Mike Nichols is not a director ever associated with horror (or with the slapstick shenanigans of "The Birdcage" either, for that matter) but it doesn't mean that the great director of "The Graduate," "Working Girl" and "Carnal Knowledge" can't veer from his normal slate of sophisticated comedies or dramas. What is most amazing about "Wolf" is that it is a sophisticated werewolf picture in addition to an alert and savvy look at the cutthroat business of book publishing. The drama is all there in spades, including an increasingly tense albeit brief exchange of hurtful words between the main character Will Randall, a senior book editor (Jack Nicholson), and his cheating wife, Charlotte (Kate Nelligan). There is also the arrogant, lying and aspiring protege of Will's, Stewart Swinton (James Spader), who is eager to climb the corporate ladder and rise to the top no matter who gets hurt. And we can't leave out Michelle Pfeiffer in one of her finest roles as Laura, a modern woman who has seen it all and sees through the facade of her billionaire father (Christopher Plummer) and his control of the book publishing firm.
"Wolf" is not a standard werewolf movie although there are the expected tropes - the killing of a deer, Nicholson's Will howling at the Moon, an old lycanthropy expert - but rather a movie about a man who loves being a wolf and is not sure if he is one. After getting bitten in the opening scenes on a lonely Vermont road, Will's bald spot becomes full of hair. He doesn't need glasses when he reads through manuscripts and his hearing and sense of smell become extraordinarily acute, to the point that he can hear conversations and smell people's breath "from a mile away." I can't say how much better is his sex life - he grows more amorous around his wife but then there is Stewart's scent all over his wife's clothes! Uh, oh.
Will eventually finds solace and some measure of self-recognition with Laura - their first meal together is peanut butter and jelly sandwiches. Will sees through Laura's facade (and she is more self-aware than he might think) yet Laura finds a good man in Will, although she can't see the wolf he's slowly becoming. Can Will beat his werewolf transformations during those endless moonlit nights? Will Will get his job back and get Stewart fired? Is urinating on a man's suede shoes enough to show prowess?
"Wolf" works as a slight satire on the book publishing business and the werewolf metaphor works in tandem as Will regains use of his ruthless maneuvers to show who is boss. This is Nicholson at his most subtle and nuanced role during the 1990's, exuding charm, elegance, anger and line readings delivered with polished comic timing. This is not the madman on overdrive acting of one of his most relished roles in "The Shining." The witty screenplay by Jim Harrison and Wesley Strick gives Nicholson a chance to do something rare in horror - relish the beast yet simultaneously show revulsion over his actions (he finds severed fingers in his pocket at one point).

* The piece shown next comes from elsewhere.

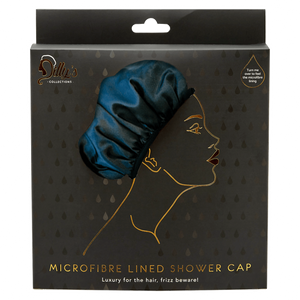 Black Shower Cap - Microfibre lined - Dilly's Collections - Hair Beauty and Lifestyle Products Australia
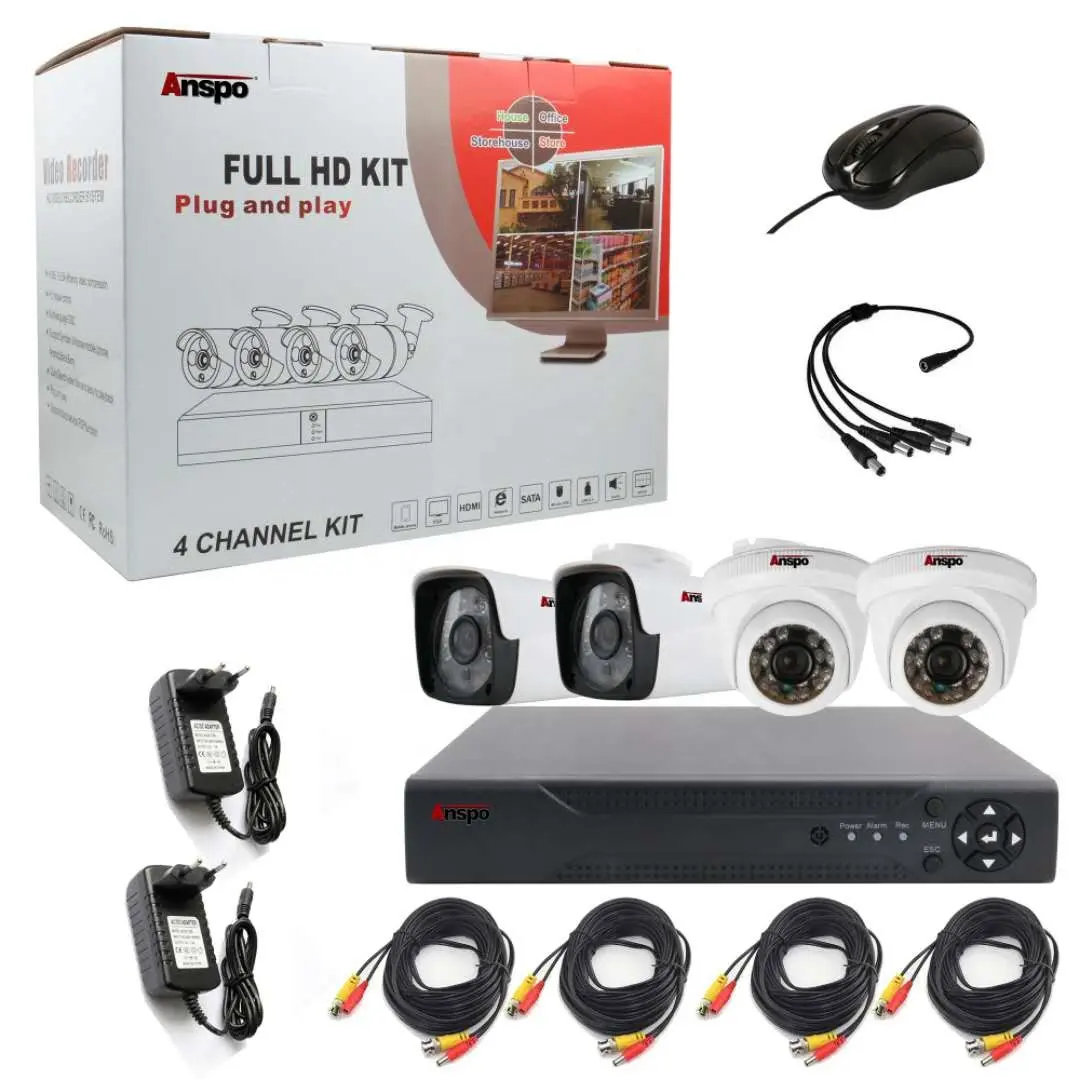 Anspo CCTV Camera System 4 channel AHD 1080P camera with 2MP DVR complete set outdoor indoor waterproof P2P plug and play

As a horror flick, don't expect copious amounts of gore. The finale with two werewolves going at it in a horse barn feels a bit off, at least in terms of execution (slow-motion lycanthropy jumps do not work for me). Still, James Spader is a maniac in fur, Plummer shines as a man who can't fathom Will's change in attitude, and the luscious, almost phantom-like presence of Pfeiffer at the end gives the ending a touch of melancholy. Some wolves prefer to howl at the moon.